Andere Redner verfolgten eine politischere Spur und nahmen dabei vor allem die Linke ins Visier, die zu den Unterstützern der Blockupy-Proteste gehörte. Bundesinnenminister Thomas de Maizière (CDU) verlangte von der Partei und ihren Abgeordneten eine unmissverständliche Distanzierung von den Angriffen auf Polizisten, Feuerwehrleute und Unbeteiligte und von der Verharmlosung von Gewalt „ohne jede Hintertür.“ Er sei von dem Ausmaß an Verrohung, das sich in Frankfurt gezeigt habe, tief erschüttert. Es habe sich nicht um spontane Wutausbrüche sondern um geplante, kühl kalkulierte Gewalt gehandelt. „Von politischer Auseinandersetzung kann nicht mehr die Rede sein.“ Dass Vertreter von Gewerkschaften und Linkspartei das Geschehen gerechtfertigt hätten, sei absolut inakzeptabel. So etwas könne sich der wehrhafte Rechtsstaat nicht gefallen lassen. „Wehret den Anfängen“, forderte der CDU-Politiker auch  mit Blick auf mögliche Proteste gegen den G7-Gipfel im bayerischen Elmau in diesem Sommer. „Verharmlost nicht Gewalt, macht nicht gemeinsame Sache mit Gewalttätern, bietet ihnen keinen Schutz.“

Das linke, banken- und kapitalismuskritische Bündnis Blockupy setzt sich aus mehr als 90 Organisationen zusammen. Darunter sind Attac, einige Gewerkschaften, die Partei „Die Linke“, Antifa-Gruppen sowie antirassistische Gruppen.

Ziel ist es nach eigenen Angaben, „Demokratie und Solidarität von unten aufzubauen“. Das Bündnis richtet sich auch gegen die Krisenpolitik der „Institutionen“ (früher Troika) aus Währungsfonds, Europäischer Kommission und Europäischer Zentralbank. (dpa)

„Unsere Anteilnahme gilt allen Verletzten.“

Die Linkspartei-Vorsitzende Katja Kipping distanzierte sich von den Ausschreitungen.
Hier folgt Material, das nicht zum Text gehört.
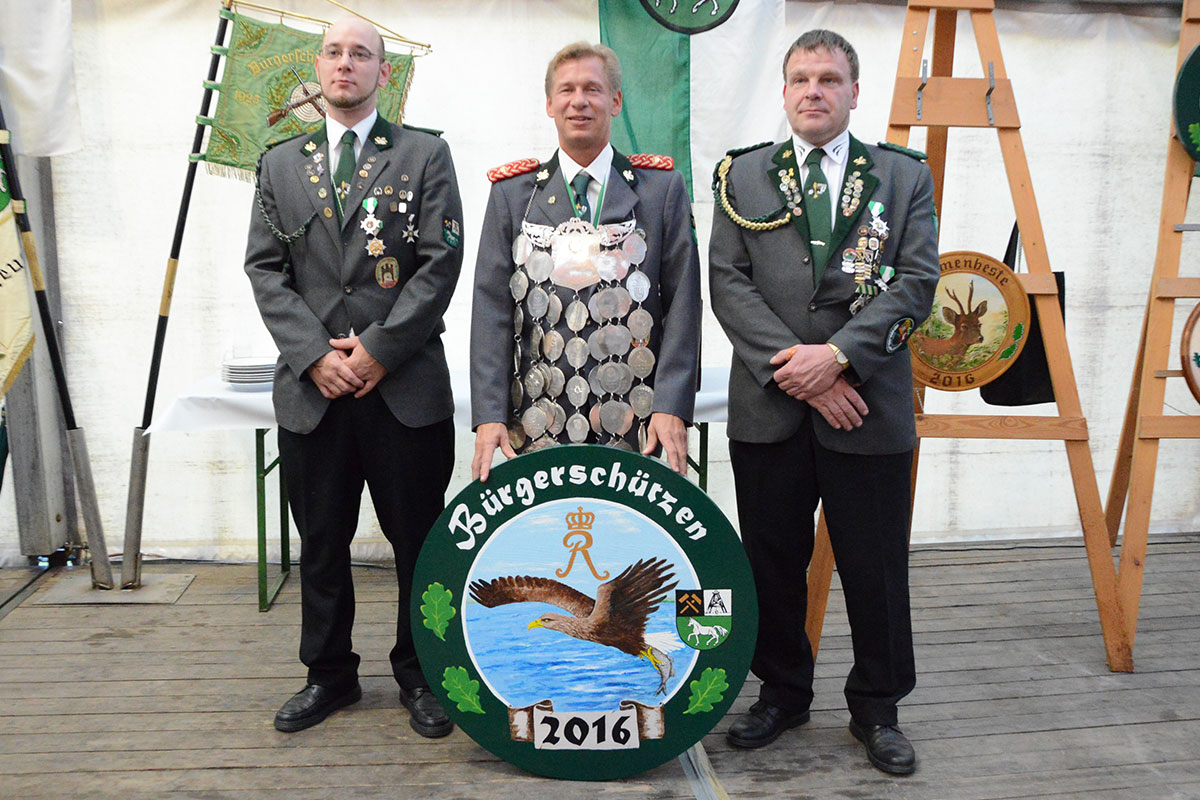 Schützenfest 2016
Jeder Verletzte, ob auf Seiten der Protestierenden oder der Polizisten, sei ein Verletzter zu viel. „Unsere Anteilnahme gilt allen Verletzten.“ Für die Aktionen einer „kleinen Gruppe gewaltbereiter Trittbrettfahrer“ fehle ihr jedes Verständnis. Die Blockierer hätten „mit Mitteln des zivilen Widerstandes, also gewaltfrei“, die EZB-Feier stören wollen. Für diesen Protest gebe es gute inhaltliche Gründe, sagte Kipping. Denn die EZB sei Teil einer schädlichen Politik, die zur Verarmung von Millionen Menschen im Süden Europas geführt habe.
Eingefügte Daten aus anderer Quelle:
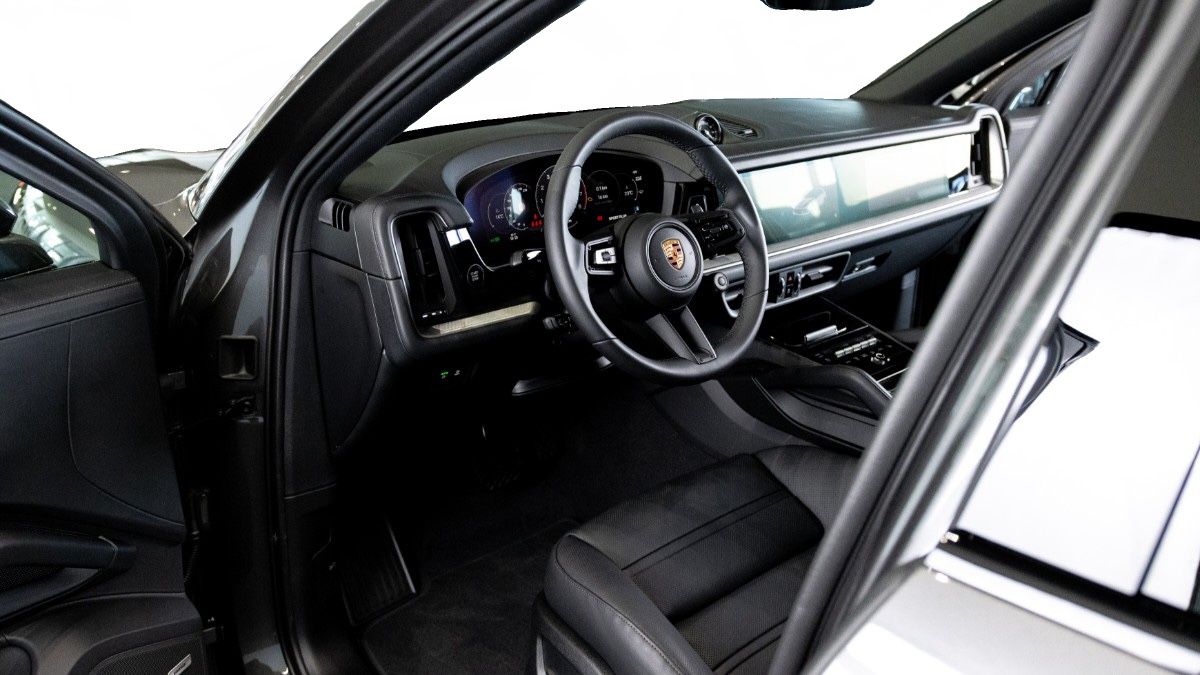 Porsche Cayenne Coupe E-Hybrid*SpDes*SpAbg*PASM*Luft*LED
Irene Michalic von den Grünen warf den Gewalttätern vor, sie hätten dem richtigen Anliegen der tausenden friedlichen Demonstranten einen Bärendienst erwiesen. Der Protest gegen die verheerende Sparpolitik in Europa sei völlig untergegangen, „das tut mir in der Seele weh“. Sie forderte die Organisatoren von Blockupy auf, gewaltbereite Gruppen künftig nicht mehr in ihrem Bündnis zu akzeptieren. Das staatliche Gewaltmonopol sei eine wichtige Errungenschaft des demokratischen Rechtsstaates und dürfe nicht unterlaufen werden.

Eine scharfe Kontroverse löste die Linken-Abgeordnete Heike Hänsel aus, die ihre Kritik an einem  Doppelstandard der Berichterstattung über Gewalt auf dem Kiewer Maidan-Platz im vergangenen Jahr und jetzt in Frankfurt ausdrücklich bekräftigte. Das mache ihn fassungslos, sagte de Maizière.

Blockupy distanziert sich nicht eindeutig

Die Organisatoren des linken Blockupy-Bündnisses wollten sich nicht eindeutig von den Ausschreitungen abgrenzen. „Wir distanzieren uns nicht pauschal“, sagte Blockupy-Sprecher Frederic Wester auf einer Pressekonferenz in Frankfurt. Einige der Aktionen seien nicht geplant und nicht gewollt gewesen. Mitorganisatorin Hannah Eberle wertete die Proteste insgesamt als Erfolg: „Wir blicken auf einen erfolgreichen politischen Tag zurück.“ Sie freue sich, „dass der Widerstand endlich den Weg nach Frankfurt gefunden hat“. Auch Eberle hob hervor, dass manche Aktionen außerhalb des zuvor vereinbarten Konsens gewesen seien. Die Blockupy-Sprecher hoben zudem die friedlich verlaufene Demonstration mit mehreren tausend Menschen hin. „Wir begreifen das als Ermutigung, weiter zu machen“, sagte Wester. Das Bündnis könne aber keine Garantie dafür geben, beim nächsten Mal alles im Griff zu haben.